Property prices in Ireland could fall by another 20 per cent before hitting bottom, ratings agency Fitch has warned – on top of the almost 50 per cent decline to date.
Its outlook for property prices in Ireland is worse than for any other of the 12 countries assessed in its Global Market Outlook for Housing and Mortgage Lending, including the other peripheral states.
However, Fitch states that, in contrast to other markets, it has adopted a conservative approach in its assumptions about the downside risks to the Irish market.
“It is also conceivable that Irish prices stabilise sooner and at a higher level than Fitch’s base case assumption suggests,” the report says.
It also acknowledges the improvement in affordability, especially for first-time buyers not burdened by legacy debt, citing it as “the one bright spot in the Irish housing market”.
“For new buyers, first-time buyers, it is increasingly becoming a better market and one of the more affordable markets which we analyse,” said report author Andre Dahlkamp, adding that mortgage lending constraints are limiting the impact.

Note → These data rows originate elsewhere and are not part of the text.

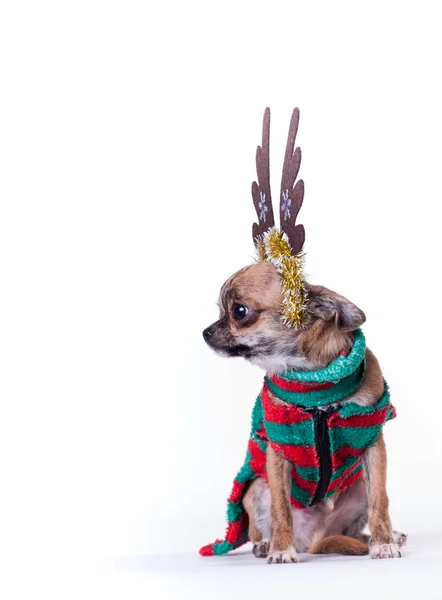 Little Yellow Dog Chihuahua Elf Striped Green Red Suit Isolated — Stock Photo, Image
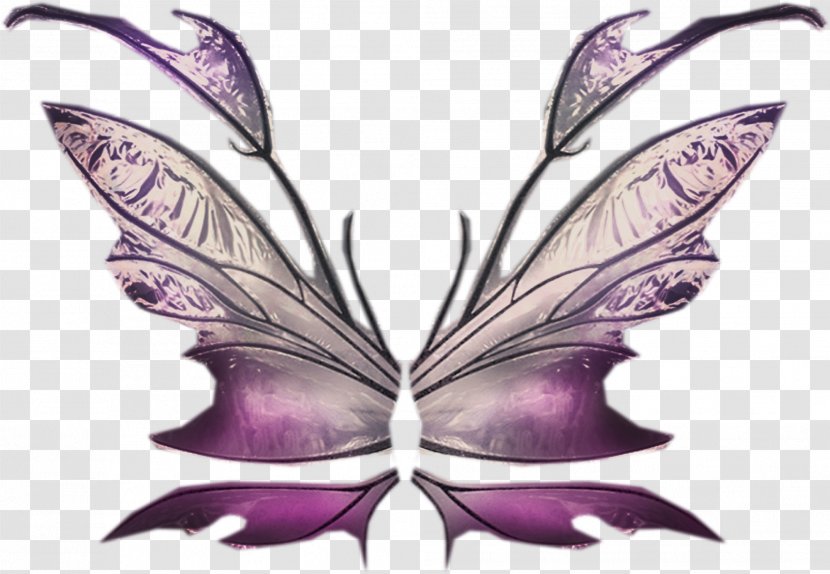Brush-footed Butterflies Butterfly Fairy Moth Illustration - Plant Transparent PNG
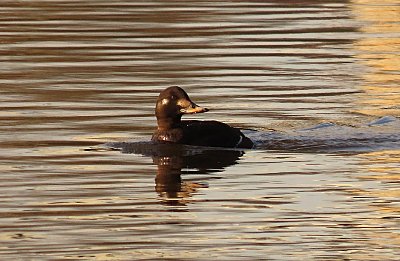Vzácný host z tundry na Labi - turpan hnědý
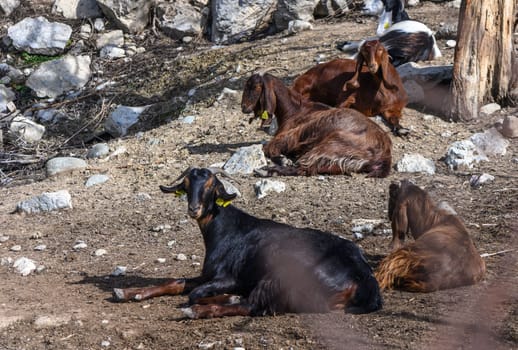 domestic goats in a North Cyprus village in winter 3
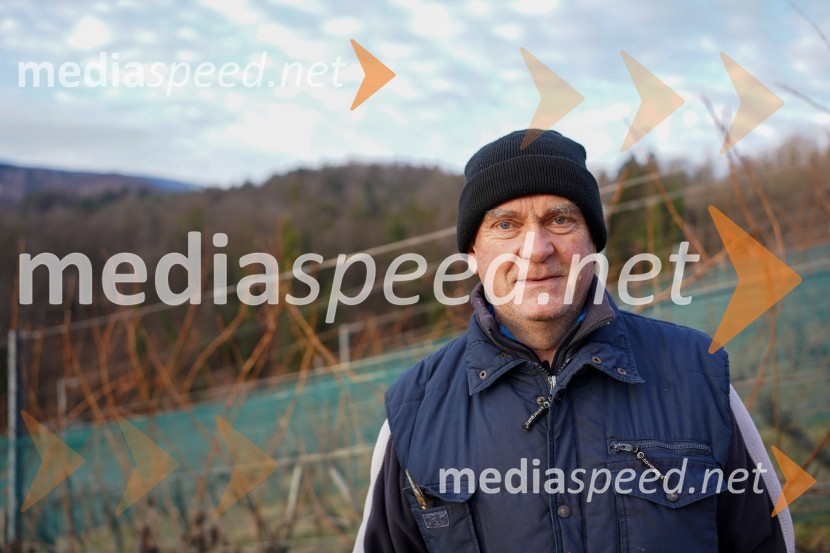  Peter  Kramer,  Fakulteta za kmetijstvo in biosistemske vede, Univerza v MariboruTrgatev grozdja na Meranovem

Overall, however, the agency expects prices to continue to decline, worsening by about 20 per cent over the next two to three years. This compares with a 15 per cent decline for Greece and Spain.
“Some signs of stabilisation are taking hold . . . However, market fundamentals still point to limited improvement in house prices in the near term,” the report states.

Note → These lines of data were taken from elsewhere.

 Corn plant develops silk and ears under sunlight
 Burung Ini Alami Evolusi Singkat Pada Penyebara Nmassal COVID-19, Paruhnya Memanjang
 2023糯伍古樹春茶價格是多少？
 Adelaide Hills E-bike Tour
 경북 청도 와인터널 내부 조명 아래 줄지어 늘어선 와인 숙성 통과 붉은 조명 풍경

“While the pace of deterioration has slowed, Fitch cautiously . . . assumes a further house price correction over the next 12 months equal to around 10 per cent on a national basis.”
It adds: “The continued rise in arrears in Ireland is, in our opinion, to an extent driven by the imminent introduction of policy measures relating to debt forgiveness. Lenders are constrained from, or have been unwilling to undertake, large-scale repossession.
“Coupled with borrowers in arrears potentially benefiting from debt write-downs this has increased moral hazard.”